The early education industry is blessed to have many people who enter this business because they care about more than the money. But make no mistake, money is required if you want to stay in this industry. Over the years (especially during the recession), we’ve seen many people lose centers and schools or push to the edge bankruptcy because they weren’t willing to make the necessary decisions associated with good management. Many owners felt that it was their responsibility to take care of (“mother”) their teachers. In some cases, they felt guilty. They felt like failures because their center couldn’t afford the extra payroll cost so they spent themselves into deeper debt so their teachers could pay their bills. Incredibly noble…there is nothing like being the hero in somebody’s life even when they don’t know it, but you must have limits.
The most common and costly mistake we make in this business is the failure to control payroll costs. The second most costly mistake is providing lackluster service because teachers and other employees don’t understand or don’t care about meeting the expectations of their employer or director—you. Good, honest, hard-working, caring teachers and other staff members deserve the very best career environment possible from the centers and schools that employ them. These are your committed people. These people are your core staff. These are the people that you don’t have to worry about–much. However, your non-core staff requires more guidance—not mothering, guidance. If your non-core staff understands that hours go to the best employees and that you (their boss not mother) can teach them how to be “best”, then you will have the solid platform you need to fix or prevent the two biggest and most costly mistakes in the business.
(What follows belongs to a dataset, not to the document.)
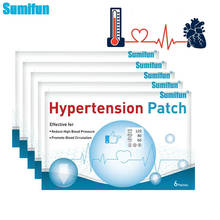 Sumifun 30Pcs Anti Hypertension Patches Diabetic Patches Lower Blood Glucose Treatment Blood Sugar Control High Blood Pressure 2024 - buy cheap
When you’re faced with making that decision between mothering and management, try to remember that running a better, more profitable center or school allows you to build a bigger business that will serve more children, provide jobs for more teachers and give you and your family the benefits and choices that come with greater financial success. Entrepreneurs and their families sacrifice a lot to create something from nothing. You deserve to keep the rewards you’ve earned.